Task to complete: The complete listing goes into the output exactly, without its pictures.

Data segment:

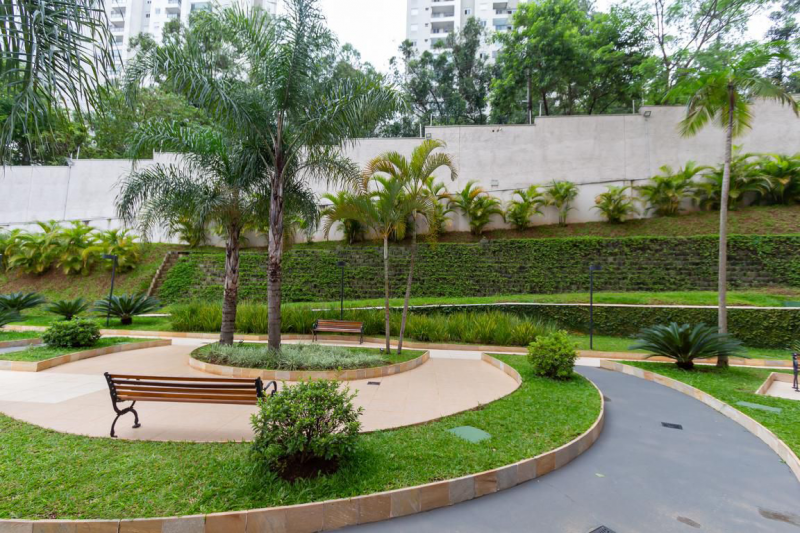 Apartamento à venda Vila Andrade com 56m² e 1 quarto por R$ 400.000 - 136402959-jardim.png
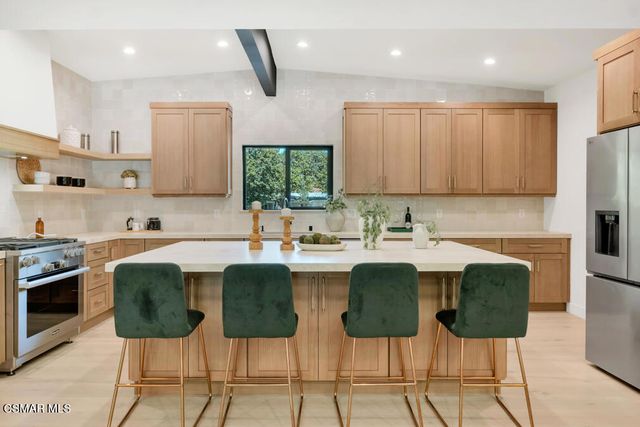 4405 Brookford Avenue, Woodland Hills, CA 91364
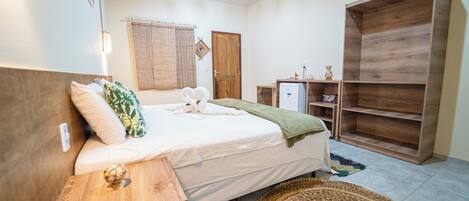 Standard Room, Garden View | Free minibar, free WiFi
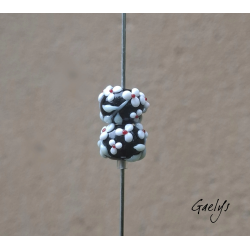 Perles Lampwork à fleurs - duo de perles rondes - fleurs  - fond noir / fleurs blanche coeur rouge, vert d'eau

Answer to this problem:
 Apartamento à venda Vila Andrade com 56m² e 1 quarto por R$ 400.000 - 136402959-jardim.png
 4405 Brookford Avenue, Woodland Hills, CA 91364
 Standard Room, Garden View | Free minibar, free WiFi
 Perles Lampwork à fleurs - duo de perles rondes - fleurs  - fond noir / fleurs blanche coeur rouge, vert d'eau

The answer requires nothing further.